May has friends, and the doorbell rang with tribute all day. Piles of toys scattered everywhere. She couldn’t unwrap all her presents in one day.

“I will make quite an impression in this,” my granddaughter said holding up a new dress.

“No food fights, Ben,” I said as my grandson hurled grapes and mash potatoes.
The law practice in Wisconsin was beginning to seem relaxing. Bedtime for me was 8:00 pm, and I was taking naps with my grandson.

The day before I left I decided to make a difference. Every sheet in the house was an emblem of the stomach flu, and the clothes had gone astray while we partied and company came and went. I searched for clothes and did seven loads of laundry.
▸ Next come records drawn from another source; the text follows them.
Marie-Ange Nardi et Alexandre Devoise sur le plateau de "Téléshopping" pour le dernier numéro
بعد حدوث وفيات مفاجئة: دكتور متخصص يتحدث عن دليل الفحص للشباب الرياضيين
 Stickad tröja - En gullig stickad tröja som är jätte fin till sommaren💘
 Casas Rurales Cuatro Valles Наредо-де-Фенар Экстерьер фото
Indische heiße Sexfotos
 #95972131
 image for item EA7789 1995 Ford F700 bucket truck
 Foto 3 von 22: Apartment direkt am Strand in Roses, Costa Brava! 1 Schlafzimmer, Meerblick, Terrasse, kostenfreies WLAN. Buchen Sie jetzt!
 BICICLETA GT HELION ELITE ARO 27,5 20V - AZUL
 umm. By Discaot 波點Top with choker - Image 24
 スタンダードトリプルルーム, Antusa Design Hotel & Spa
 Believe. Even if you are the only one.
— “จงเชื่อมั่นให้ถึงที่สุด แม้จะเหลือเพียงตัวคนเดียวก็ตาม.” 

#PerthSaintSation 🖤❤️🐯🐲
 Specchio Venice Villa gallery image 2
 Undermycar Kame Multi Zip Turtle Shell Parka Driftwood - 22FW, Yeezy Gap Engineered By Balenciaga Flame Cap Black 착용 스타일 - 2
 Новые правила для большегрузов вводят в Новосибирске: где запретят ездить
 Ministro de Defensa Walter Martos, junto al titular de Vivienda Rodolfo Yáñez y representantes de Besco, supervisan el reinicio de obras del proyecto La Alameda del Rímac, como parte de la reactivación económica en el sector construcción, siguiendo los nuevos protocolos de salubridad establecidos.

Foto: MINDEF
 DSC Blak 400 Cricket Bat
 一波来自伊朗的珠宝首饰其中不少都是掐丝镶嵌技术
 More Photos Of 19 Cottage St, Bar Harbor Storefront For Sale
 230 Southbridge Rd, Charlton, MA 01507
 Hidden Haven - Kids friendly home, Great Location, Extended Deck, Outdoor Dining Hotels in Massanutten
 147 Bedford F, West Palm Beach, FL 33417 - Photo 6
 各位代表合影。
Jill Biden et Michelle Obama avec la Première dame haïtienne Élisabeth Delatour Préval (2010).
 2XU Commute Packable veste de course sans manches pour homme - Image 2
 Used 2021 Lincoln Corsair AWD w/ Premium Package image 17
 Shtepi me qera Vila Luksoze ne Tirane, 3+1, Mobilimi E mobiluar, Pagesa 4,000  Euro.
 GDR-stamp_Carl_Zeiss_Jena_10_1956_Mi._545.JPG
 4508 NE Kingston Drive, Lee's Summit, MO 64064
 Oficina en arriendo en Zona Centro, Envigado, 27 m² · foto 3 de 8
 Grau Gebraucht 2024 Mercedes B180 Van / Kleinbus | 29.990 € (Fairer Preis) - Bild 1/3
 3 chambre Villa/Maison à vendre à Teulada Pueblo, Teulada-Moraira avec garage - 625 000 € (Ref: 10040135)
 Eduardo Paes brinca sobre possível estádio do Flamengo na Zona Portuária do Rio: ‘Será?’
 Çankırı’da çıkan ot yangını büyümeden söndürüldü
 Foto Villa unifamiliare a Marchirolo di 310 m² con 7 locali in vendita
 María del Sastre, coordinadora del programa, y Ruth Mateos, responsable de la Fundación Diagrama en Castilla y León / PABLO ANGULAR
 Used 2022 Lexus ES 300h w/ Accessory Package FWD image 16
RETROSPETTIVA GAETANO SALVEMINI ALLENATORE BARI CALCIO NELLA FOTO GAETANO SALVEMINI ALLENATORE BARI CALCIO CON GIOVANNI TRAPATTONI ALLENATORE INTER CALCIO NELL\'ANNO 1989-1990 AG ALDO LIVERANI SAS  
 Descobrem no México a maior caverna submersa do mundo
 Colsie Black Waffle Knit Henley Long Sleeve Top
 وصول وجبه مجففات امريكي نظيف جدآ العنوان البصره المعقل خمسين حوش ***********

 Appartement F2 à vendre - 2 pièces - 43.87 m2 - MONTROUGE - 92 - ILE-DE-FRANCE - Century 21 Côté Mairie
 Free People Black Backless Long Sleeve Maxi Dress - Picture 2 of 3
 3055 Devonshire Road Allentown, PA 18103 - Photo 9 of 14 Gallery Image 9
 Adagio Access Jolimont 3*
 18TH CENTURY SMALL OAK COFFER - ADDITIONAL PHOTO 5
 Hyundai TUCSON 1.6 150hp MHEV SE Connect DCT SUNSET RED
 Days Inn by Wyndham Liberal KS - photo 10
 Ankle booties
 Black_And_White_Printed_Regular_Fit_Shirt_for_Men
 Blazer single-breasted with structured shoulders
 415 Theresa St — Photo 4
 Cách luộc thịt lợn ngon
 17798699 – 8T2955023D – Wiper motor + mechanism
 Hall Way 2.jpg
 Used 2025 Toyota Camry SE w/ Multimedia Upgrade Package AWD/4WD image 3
As I folded the last batch, my son said, “Is that it, Mother? Did you do it all?”

“Possibly,” I replied.

“That’s what drives me crazy about you. That’s a yes or no answer,” he said.

How was Thanksgiving Dinner? What did we eat? Dinner was great. I’m traditional. Fill in the blanks.

3 comments:

Rokeach said...

What, no Indians?

Anonymous said...

So well written - it is like being there. Humor, drama, life!

Anonymous said...

Good stuff. Sam, what's your password? I want to give it to Nancy so she can keep posting.